"Fight the hike": University of California students stage walk-outs over tuition increases

Hundreds of students protest proposed 25 percent hike

Published November 25, 2014 2:09PM (EST)

  (ABC7)
(ABC7)

Hundreds of students throughout the University of California system staged walk-outs on Monday to protest a proposed 25 percent tuition hike.

Under a plan approved by the UC Board of Regents last week, tuition would increase five percent each year over a five-year period. In-state tuition at the 10-campus system is currently $12,000 per year, Reuters reports. Activists called for students to walk out of classes in response.

Organizers claimed that more than 1,000 student protestors rallied at Berkeley, the system's flagship campus, with protestors carrying signs that read "Fight the hike" and "Public education for all," according to Reuters.

Democratic Gov. Jerry Brown opposes the Regents' proposed tuition increase, but UC President Janet Napolitano, President Obama's former Secretary of Homeland Security, says that the state needs to double its financial commitment to the UC system to stave off the tuition increases. Brown, meanwhile, is calling for the system to streamline its operations and reduce the amount of time it takes students to complete their degrees.

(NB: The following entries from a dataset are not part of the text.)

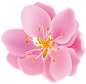 春分装饰元素手绘粉色桃花樱花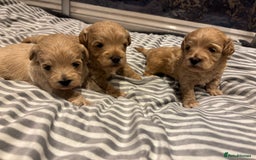 Maltipoo dogs for sale: Beautiful Maltipoo puppies for sale - Image 1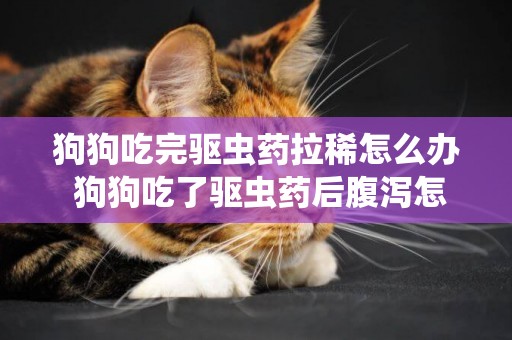 狗狗吃完驅蟲藥拉稀怎么辦 狗狗吃了驅蟲藥后腹瀉怎么回事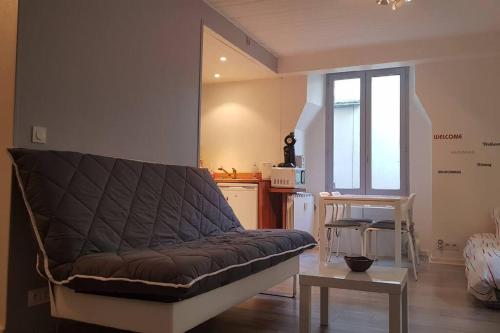 Il comprend un salon avec un canapé et une cuisine. dans l'établissement Entre lac et montagne proche gare et thermes., à Aix-les-Bains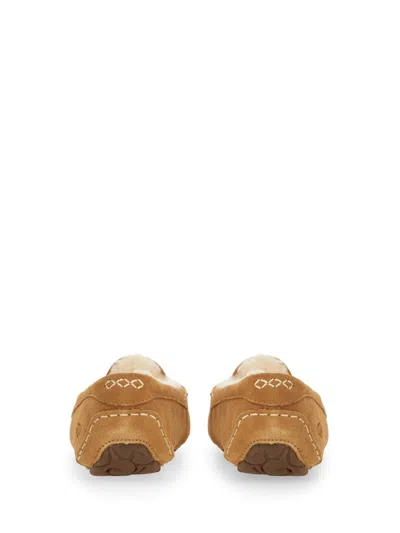 Ugg Slipper Ansley In Brown
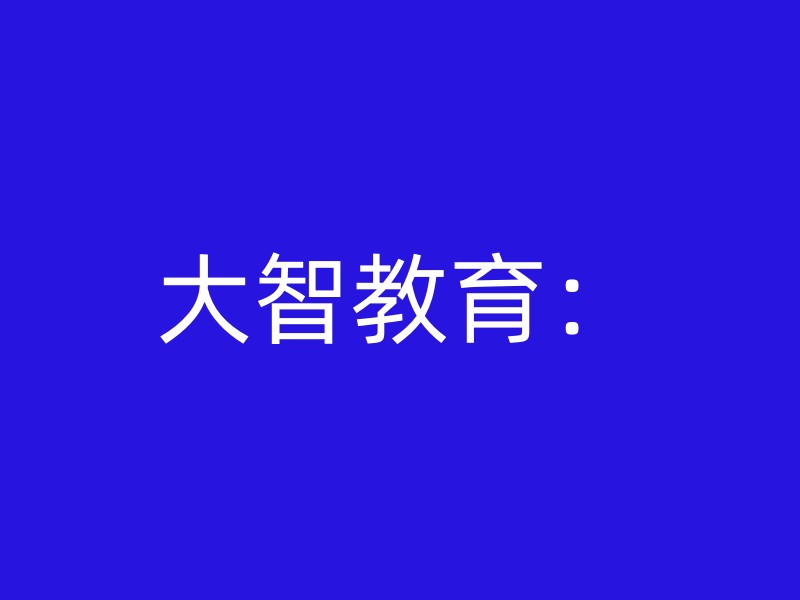 大智教育：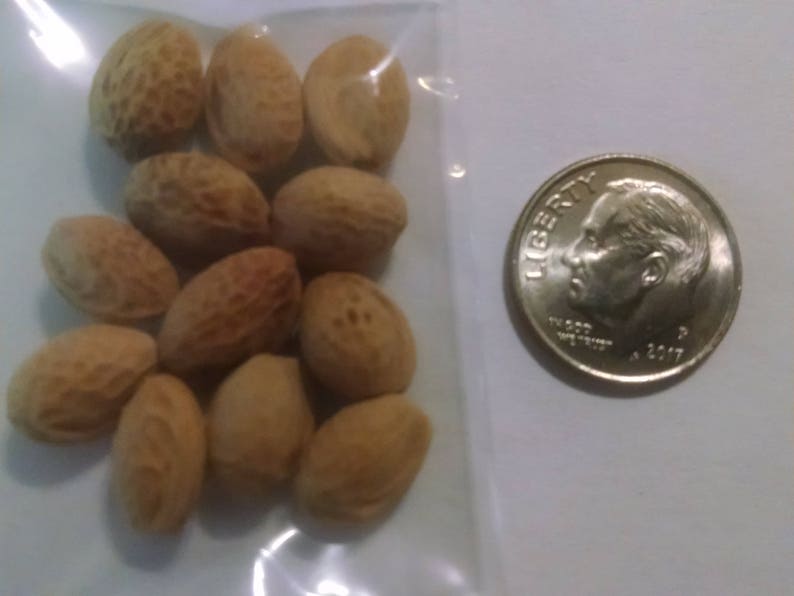 Japanese Cherry Blossom Tree Seeds Prunus Serrulata Sakura Etsy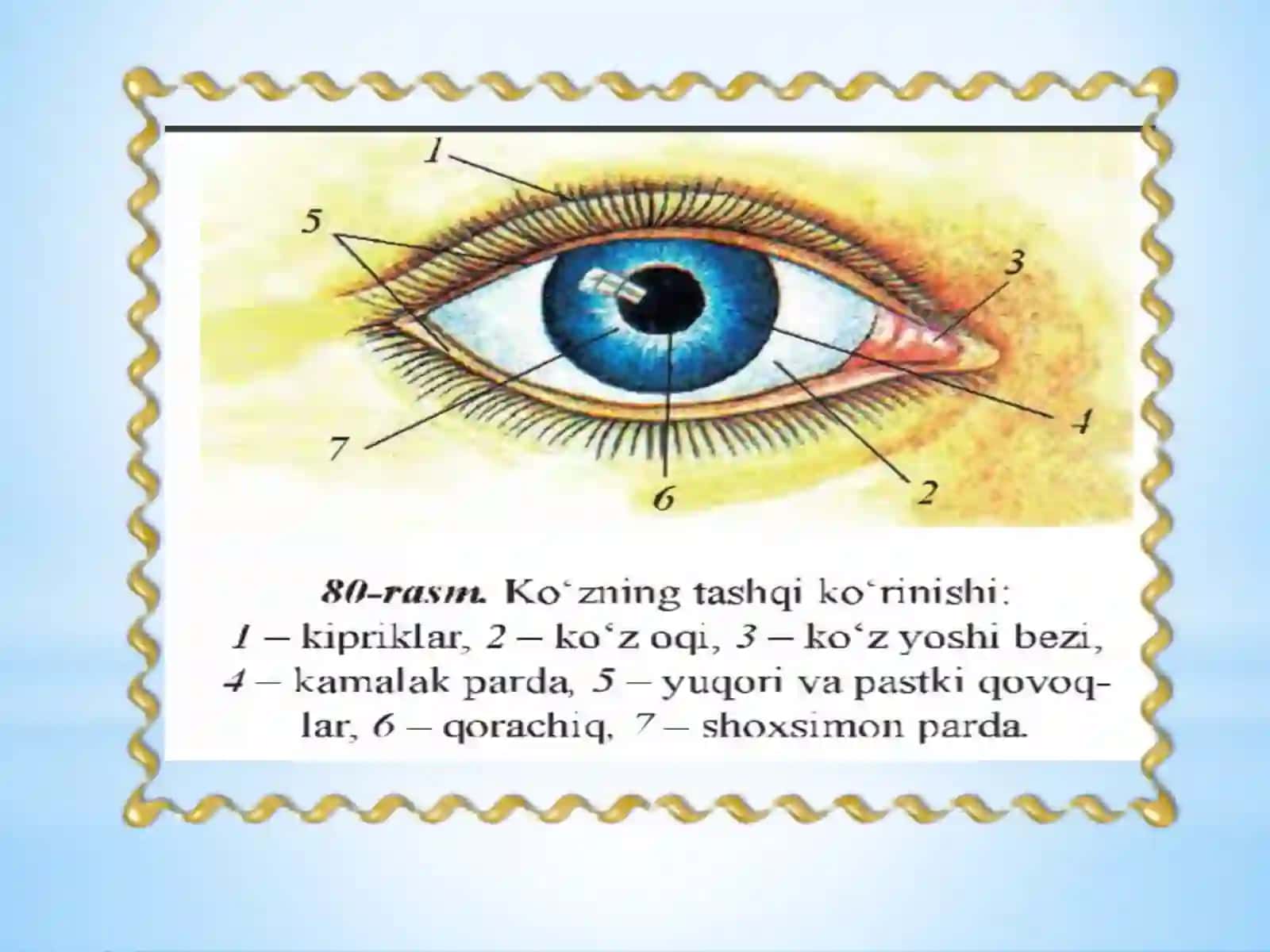 Dars ishlanmasi: Ko’rish Analizatori 4
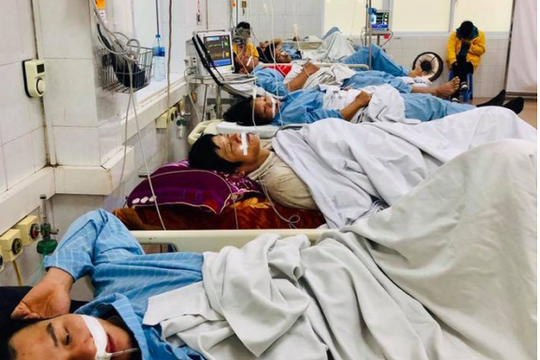 1 người mất mạng, 7 người ngộ độc do ăn trứng cóc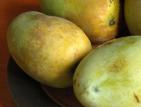 mangue - la reunion mangue - reunion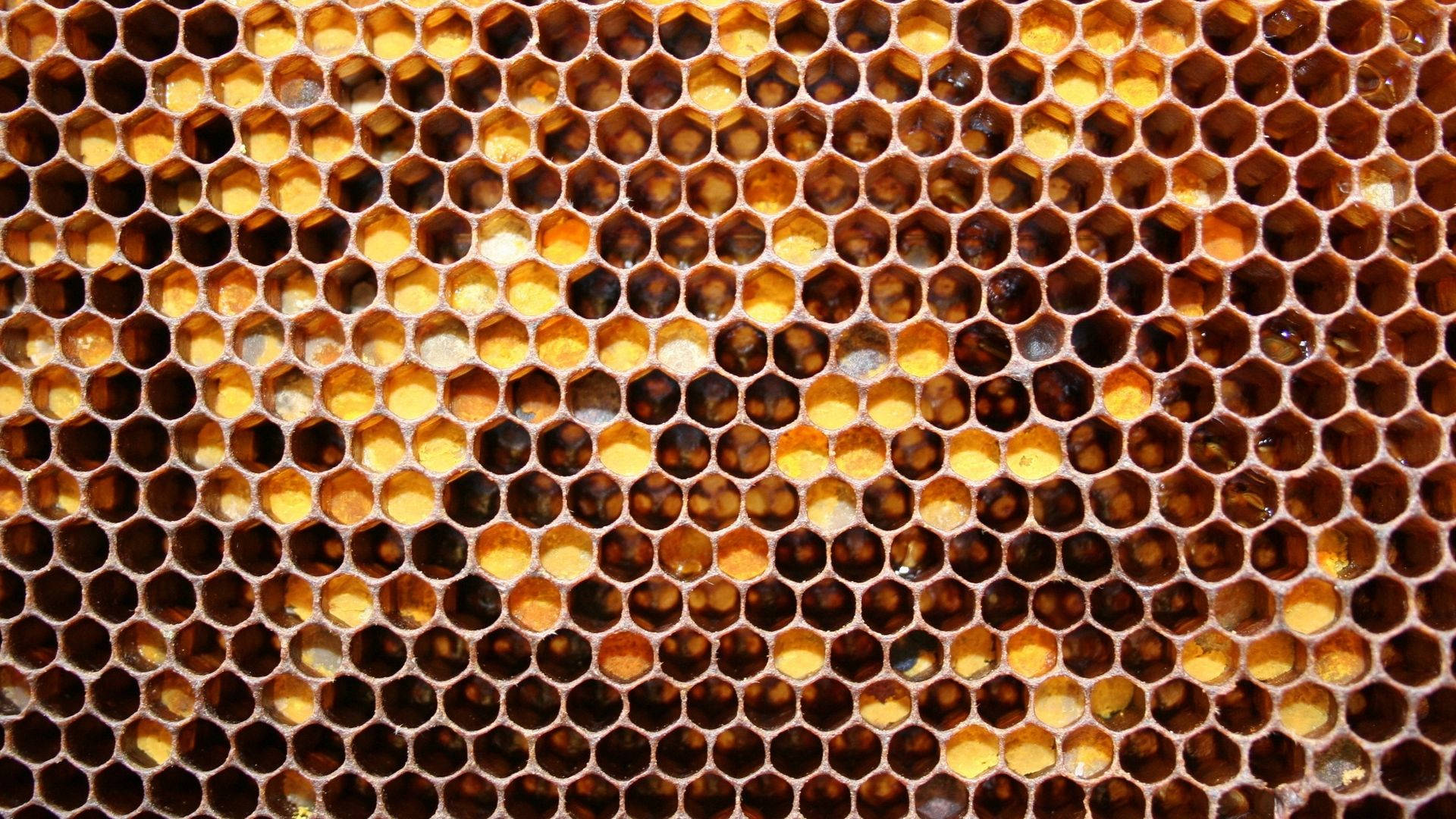 Honeycomb 桌布 壁紙 — 暖光下充滿琥珀色蜂蜜的金色蜂巢細胞特寫。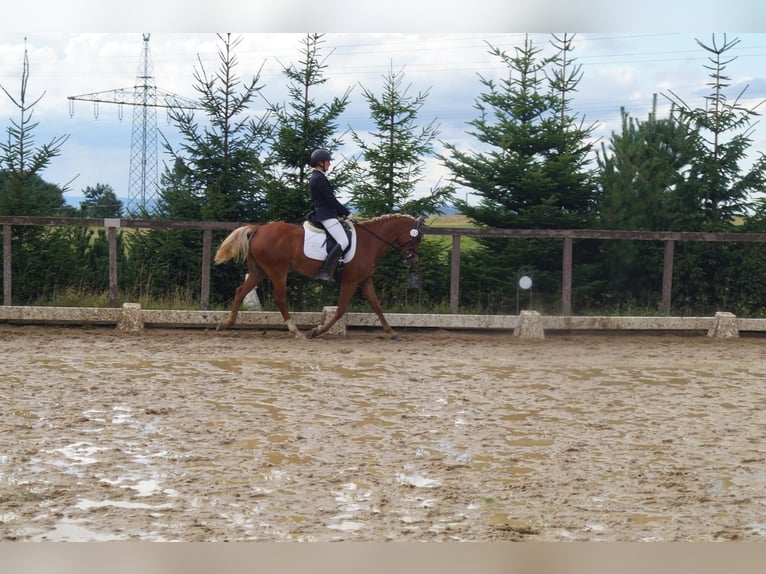 German Riding Pony Mare 5 years 14,1 hh Chestnut-Red in Remptendorf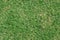 Top view of green grass texture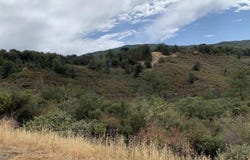 Incense Cedar Rd, Julian, CA 92036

The protests in California come as postsecondary tuition continues to increase, albeit at a slower pace than in recent years. A recent report found that mean tuition for in-state students at public colleges and universities increased 2.9 percent from 2013-14 to 2014-15. Adjusted for inflation, the increases were smaller over the previous decade than over the decade before that. Still, the five percent-per year increase approved by the UC Regents substantially outpaces the national trend.